Je tâchai d'avoir l'air impassible en me présentant au comptoir de la réception, Jasper sur les talons. La jeune employée en poste me regarda comme si j'étais une apparition divine. Il était difficile pour moi de savoir si c'était parce que j'étais quelqu'un de relativement célèbre ou si c'était plus prosaïquement à cause de mon apparence physique que les femmes me dévoraient constamment du regard. Un peu des deux, je présume, bien qu'en Europe je ne devais certainement pas être mentionné dans les bulletins de nouvelles sur une base presque quotidienne comme c'était le cas de l'autre côté de l'Atlantique, ce qui m'amena donc à conclure que la fille à la réception n'en avait qu'après ma belle gueule.

« Que puis-je faire pour vous, Monsieur…? » Demanda-t-elle avec une voix haut perchée en ne se défaisant pas de son sourire un peu niais.

« Masen. Edward Masen, mademoiselle, » répondis-je en français. « J'ai réservé une chambre pour ma fiancée et je devais venir la rejoindre la semaine prochaine, mais j'ai décidé d'avancer mon arrivée à Paris afin de lui faire une surprise, » expliquai-je en lui décochant mon sourire de tombeur.

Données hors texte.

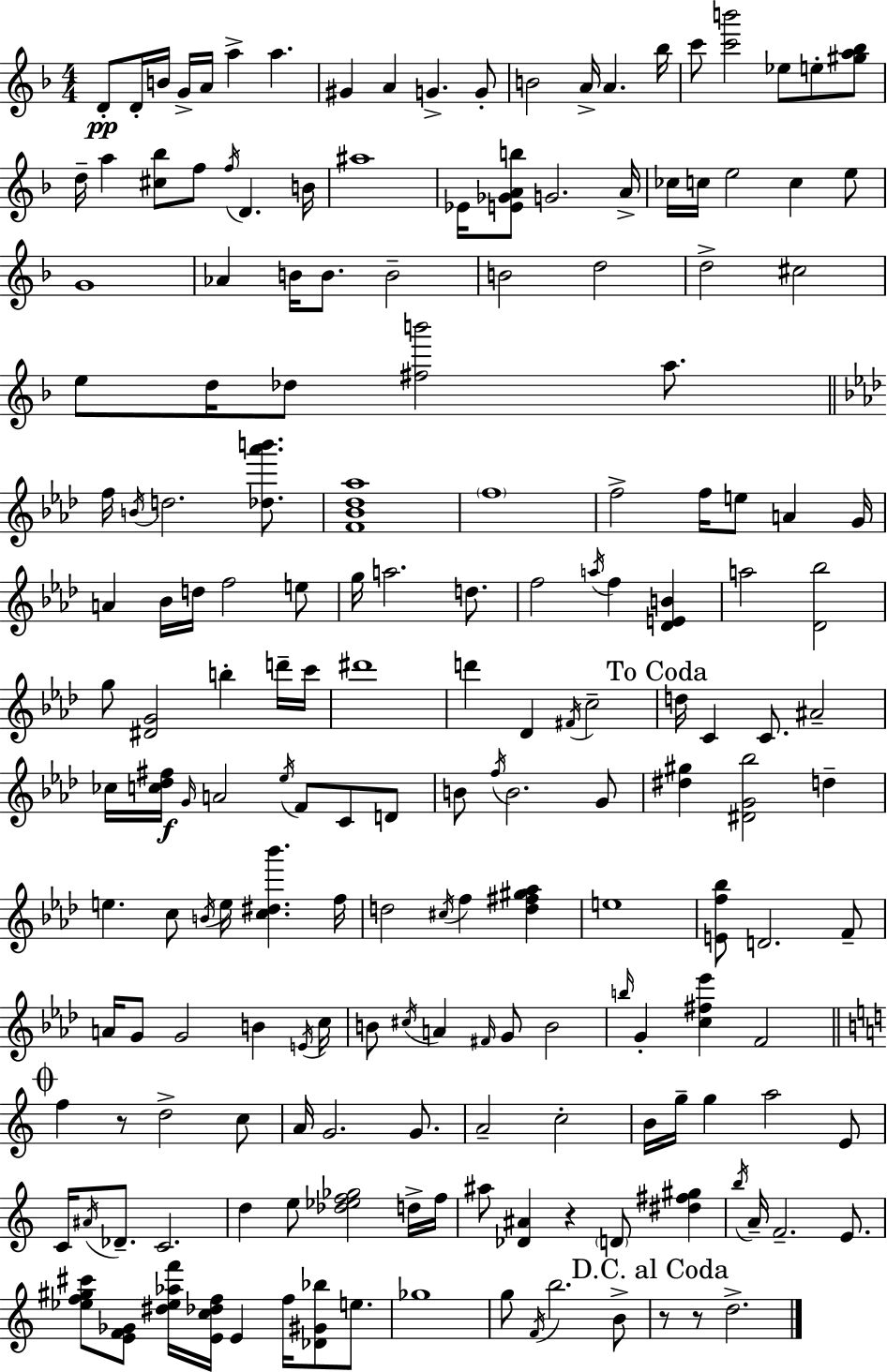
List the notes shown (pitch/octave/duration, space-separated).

D4/e D4/s B4/s G4/s A4/s A5/q A5/q. G#4/q A4/q G4/q. G4/e B4/h A4/s A4/q. Bb5/s C6/e [C6,B6]/h Eb5/e E5/e [G#5,A5,Bb5]/e D5/s A5/q [C#5,Bb5]/e F5/e F5/s D4/q. B4/s A#5/w Eb4/s [E4,Gb4,A4,B5]/e G4/h. A4/s CES5/s C5/s E5/h C5/q E5/e G4/w Ab4/q B4/s B4/e. B4/h B4/h D5/h D5/h C#5/h E5/e D5/s Db5/e [F#5,B6]/h A5/e. F5/s B4/s D5/h. [Db5,Ab6,B6]/e. [F4,Bb4,Db5,Ab5]/w F5/w F5/h F5/s E5/e A4/q G4/s A4/q Bb4/s D5/s F5/h E5/e G5/s A5/h. D5/e. F5/h A5/s F5/q [Db4,E4,B4]/q A5/h [Db4,Bb5]/h G5/e [D#4,G4]/h B5/q D6/s C6/s D#6/w D6/q Db4/q F#4/s C5/h D5/s C4/q C4/e. A#4/h CES5/s [C5,Db5,F#5]/s G4/s A4/h Eb5/s F4/e C4/e D4/e B4/e F5/s B4/h. G4/e [D#5,G#5]/q [D#4,G4,Bb5]/h D5/q E5/q. C5/e B4/s E5/s [C5,D#5,Bb6]/q. F5/s D5/h C#5/s F5/q [D5,F#5,G#5,Ab5]/q E5/w [E4,F5,Bb5]/e D4/h. F4/e A4/s G4/e G4/h B4/q E4/s C5/s B4/e C#5/s A4/q F#4/s G4/e B4/h B5/s G4/q [C5,F#5,Eb6]/q F4/h F5/q R/e D5/h C5/e A4/s G4/h. G4/e. A4/h C5/h B4/s G5/s G5/q A5/h E4/e C4/s A#4/s Db4/e. C4/h. D5/q E5/e [Db5,Eb5,F5,Gb5]/h D5/s F5/s A#5/e [Db4,A#4]/q R/q D4/e [D#5,F#5,G#5]/q B5/s A4/s F4/h. E4/e. [Eb5,F5,G#5,C#6]/e [E4,F4,Gb4]/e [D#5,Eb5,Ab5,F6]/s [E4,C5,Db5,F5]/s E4/q F5/s [Db4,G#4,Bb5]/e E5/e. Gb5/w G5/e F4/s B5/h. B4/e R/e R/e D5/h.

La jeune femme fit un effort pour cesser de me dévisager et elle jeta un coup d'œil à l'écran devant elle. « D'après les données ici, Monsieur Masen, vous avez réservé une deuxième chambre à la dernière minute au nom de Monsieur Jasper Whitlock, c'est bien ça? »

Ce disant, elle posa son regard sur Jasper qui s'était approché du comptoir mais qui ne devait pas comprendre un traître mot de notre échange.

« En effet, j'ai réservé une deuxième chambre, mais j'ai également demandé qu'on ne prévienne pas vos deux clientes, mesdemoiselles Swan et Brandon, à propos de ce changement lorsqu'elles se présenteraient ici tôt ce matin. »

L'employée de l'hôtel fronça les sourcils en reportant son attention sur l'écran de l'ordinateur. « Le hic, Monsieur Masen, c'est que ces deux clientes qui devaient arriver ce matin ne se sont toujours pas manifestées… »

Putain de merde! Cela signifiait-il que Bella était ailleurs avec l'autre bozo en ce moment? Je fermai les yeux et me pinçai l'arête du nez avant de soupirer bruyamment.

« Foutu bordel, Edward, ça n'a vraiment pas l'air d'aller! Qu'est-ce que la petite employée derrière le comptoir a bien pu te dire pour te mettre dans cet état? » Questionna Jasper qui était de plus en plus désemparé.

« Il se trouve qu'Alice et Bella ne se sont pas encore enregistrées, Jazz, et il est presque midi. Ce n'est pas normal, » répondis-je les dents serrées.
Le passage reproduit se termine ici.